Former Tyson Foods President Buddy Wray dies

Donald E. "Buddy" Wray, former president and chief operating officer of Tyson Foods, has died.

Buddy Wray, a former Tyson Foods executive whose career with the company spanned over 50 years, has died. | Tyson Foods
Buddy Wray, a former Tyson Foods executive whose career with the company spanned over 50 years, has died. | Tyson Foods

Donald E. "Buddy" Wray, former president and chief operating officer of Tyson Foods, has died.

Wray, started his career at Tyson Foods in 1961. He worked in a variety of managerial positions within the company before being named chief operating officer in 1992. In that capacity, he oversaw all operations, including live poultry production, processing and sales. About one year later, Wray became president and chief operating officer.

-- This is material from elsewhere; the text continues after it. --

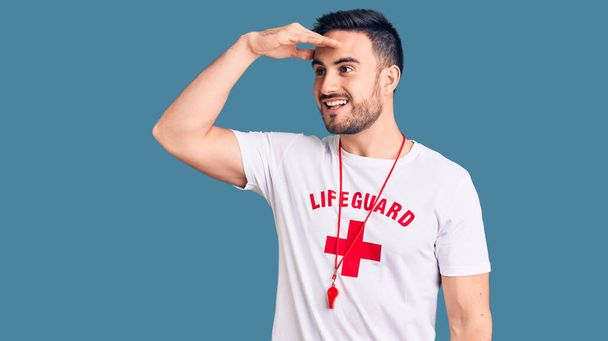 Young handsome man wearing lifeguard uniform very happy and smiling looking far away with hand over head. searching concept.  - Foto, immagini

He held that position until he retired in 2000. He served as a member of Tyson’s board of directors from 1994 to 2003, and he returned as an adviser to the company in 2008, and assumed a role as executive vice president and special assistant to the president and CEO from 2009 to 2014.

“Buddy Wray was a legendary figure at Tyson Foods,” said John Tyson, chairman of Tyson Foods. “From the earliest days of the growth of Tyson Foods, Buddy, along with my dad and Leland Tollett made the company succeed, from the early 1960s through the 1990s. He was instrumental in everything the company did for over 50 years. There is no way to express what Buddy meant to the company and thousands of its team members during that time. He was also a long-time dedicated Springdale community leader who will be missed by many and long remembered.”

Donnie Smith, president and CEO of Tyson Foods, added: “Buddy was one of my mentors and I will miss his leadership, insight and especially his friendship. He earned the gratitude and respect of all of us here at Tyson Foods and we will never forget him.”

He was honored in 2000 as the University of Arkansas “Distinguished Alumni of the Year,” was selected “Man of the Year” by The Poultry Federation (TPF) in 1999, and was inducted into the Arkansas Business Hall of Fame in 2015, according to TPF.

Outside of his work with Tyson Foods, Wray was an active servant to a number of organizations, including the Jones Trust, the Endeavor Foundation, Arvest Bank of Springdale, the Care Foundation, the National Advisory Board for the American Studies Institute at Harding University, the Northwest Arkansas office of the American Heart Association, the dean’s advisory boards for the Sam M. Walton College of Business and College of Agriculture at the University of Arkansas, and the Board of Trustees of College of the Ozarks in Missouri.